Dor e amor se fundiram
Ela conta que suportou a dor da cesariana, para ficar perto do filho, mas o medo a impediu de ser mais efusiv com aquele bebê tão esperado. “No dia seguinte, tudo se repetiu. Suportei a dor da cesárea e fiquei mais 2 horas com Felipe no colo, novamente sem tocá-lo, pensando que depois que ele estivesse bem poderia ninar, colocá-lo no peito e quem sabe até amamentá-lo. Foi um momento mágico, mas incompleto. No terceiro dia de vida, Felipe fez a cirurgia cardíaca e voltou ligado a duas máquinas imensas com o dobro de fios, cheio de drenos, acessos venosos e segurá-lo no colo era impossível. Só para trocar o lençol do bercinho precisava de três enfermeiras para erguer seu corpinho".
"Um dia a enfermeira estava fazendo a higiene dele e me perguntou se não queria passar hidratante na sua pele ressecada pelo inchaço da cirurgia e aquecimento do berço. Foi a primeira vez que peguei nas mãozinhas e nos pezinhos do meu menino, depois de passar muito álcool em gel nas mãos. Chorei de emoção naquele dia. Meu Deus! Como ele é perfeito, pensei comigo. Os dias foram passando e aos poucos fui me permitindo tocar meu bebê. Primeiro passava só a ponta dos dedos na sua cabecinha. Depois, fui ficando mais segura e já acariciava seus cabelos com as mãos e colocava o meu dedo indicador na mãozinha dele para ele segurar", continuou narrando sobre seus momentos que muitas mães enfrentam.

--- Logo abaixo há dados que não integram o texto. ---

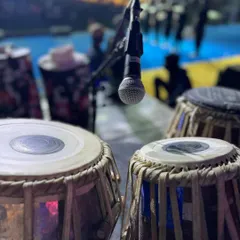 A close-up of my tabla setup on stage at a large event in Goa. This perspective shows the professional miking techniques used to capture the best possible sound during a live performance.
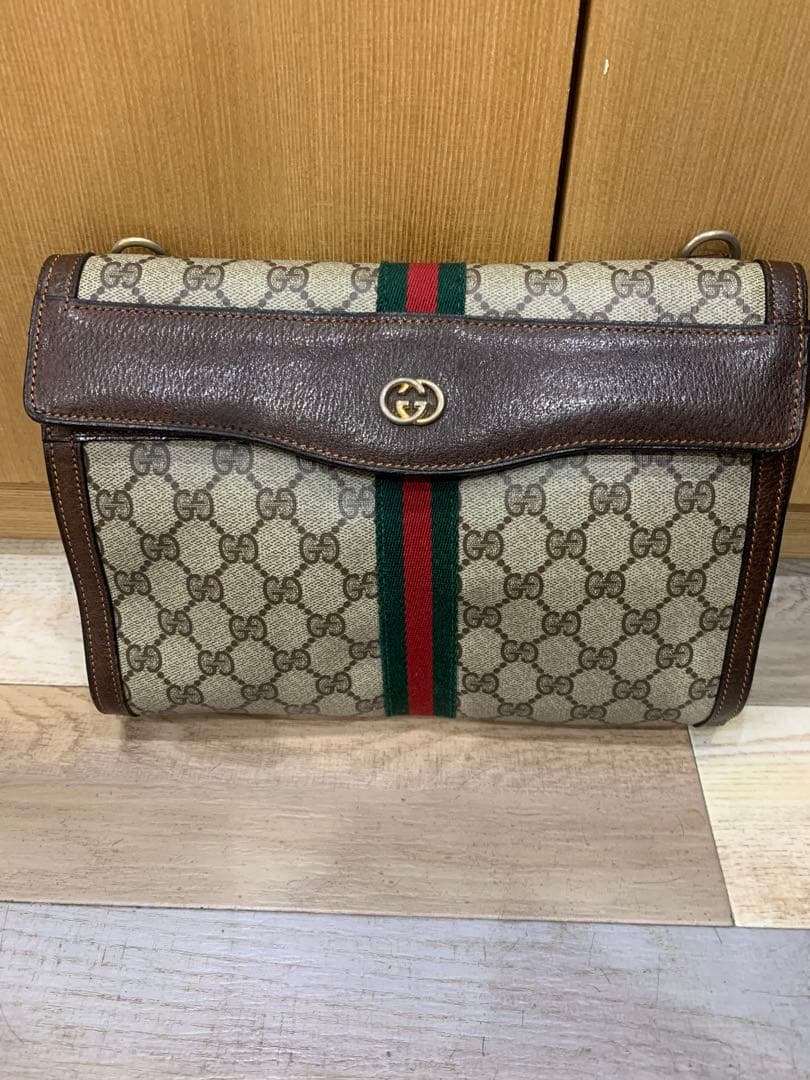 GUCCI GGキャンバス フラップクラッチバッグ
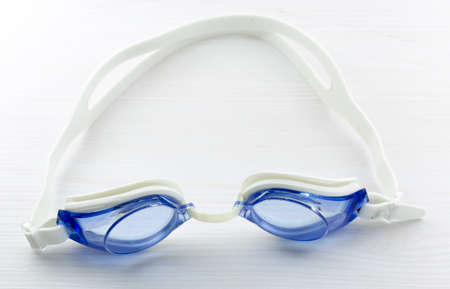 Floating underwater glasses on white table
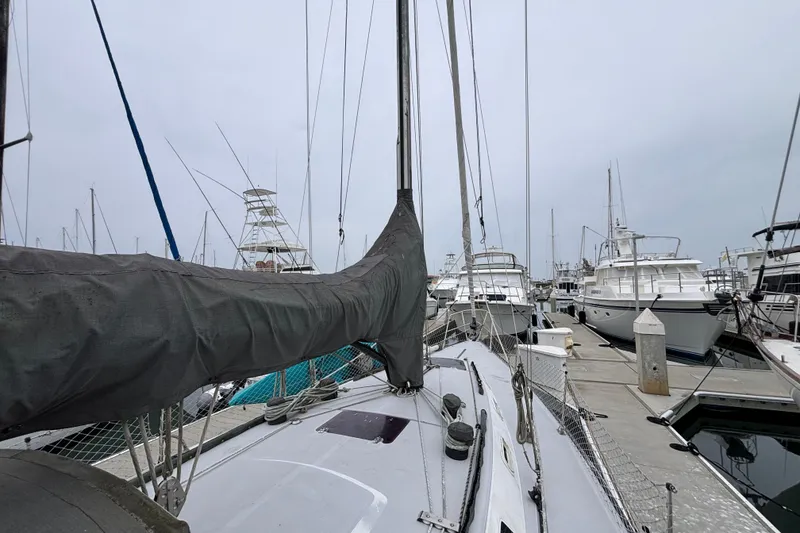 1979 Islander Peterson 40 sailboat docked among other boats in a marina.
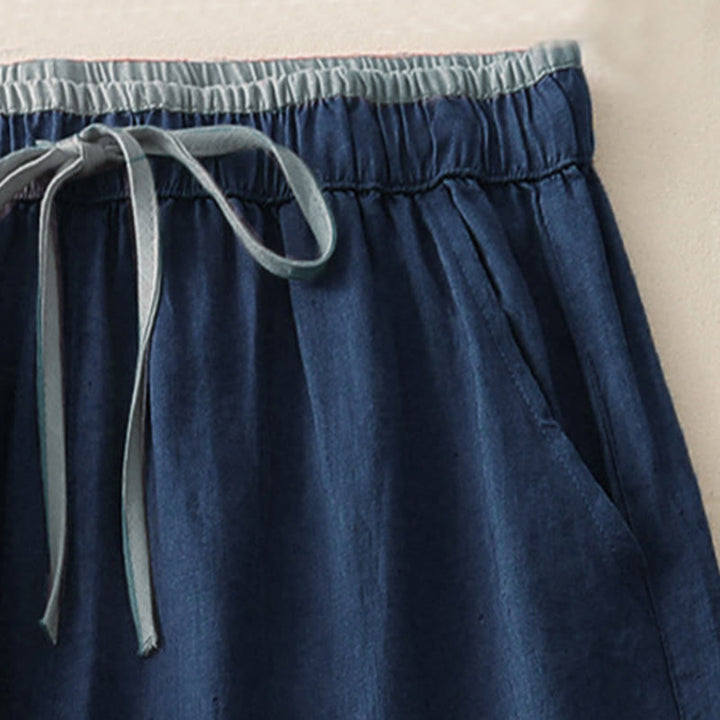 Pantaloni da donna a gamba larga con coulisse e tasche, modello casual color block con motivo Buddha Stones. - image 12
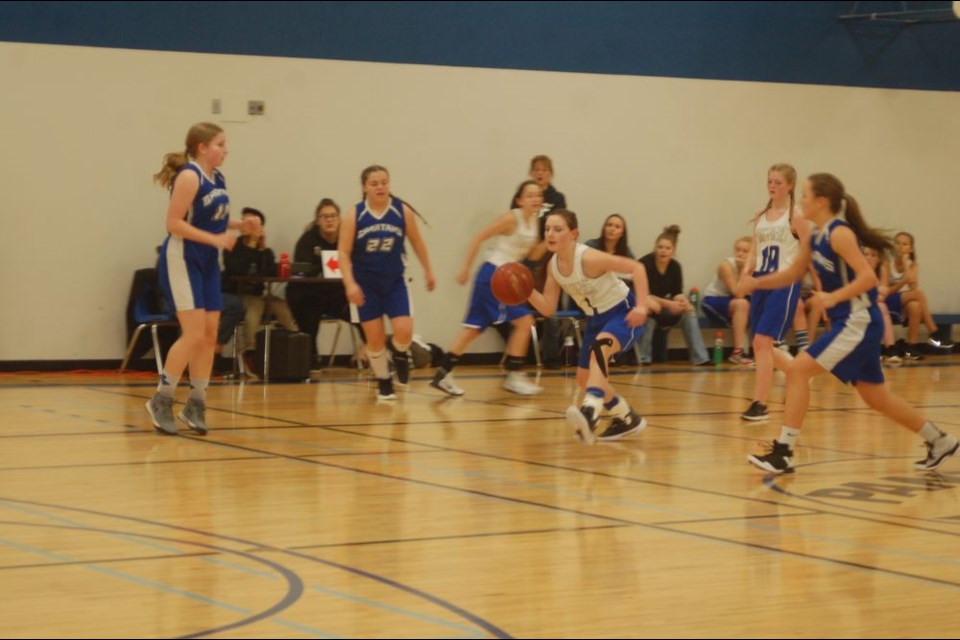 Shanae Shewchuk, left, and team-mate Kate Covlin (white jerseys) advanced the basketball towards the hoop.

Sem lamentar, mas deixando claro que o tempo é curto, Marcela mostrou a importância de umn simples beijo. "Mas o beijo tão esperado só foi dado quando percebi que meu filho estava morrendo. Um dia antes dele partir, cheguei ao hospital para me despedir dele. Beijei sua cabecinha demoradamente, em meio a muitas lágrimas. Não foi um beijo qualquer. Enquanto meus lábios encostavam nos cabelos do meu filho, pedia a Deus que aquele amor fosse capaz de acompanhar o Felipe por toda a eternidade e que ele pudesse sentir para sempre o meu amor. Levei 30 dias para ter coragem de beijar meu filho. Ele viveu 31 dias. Se soubesse que meu tempo com ele passaria tão rápido teria enchido meu menino de beijos e afagos. Teria o segurado no colo, logo nos primeiros dias de vida, até meus braços formigarem. Para mim, não dá mais tempo. Mas para você, ainda é possível abraçar e beijar seu filho, seu marido, seus pais ou quem quer que seja. Não espere o amanhã! Não economize no amor!”.
E Marcela, ao compartilhar o amor e a dor, mostrou que Felipe viveu tão pouco, mas ao mesmo tempo deixou tanta intensidade.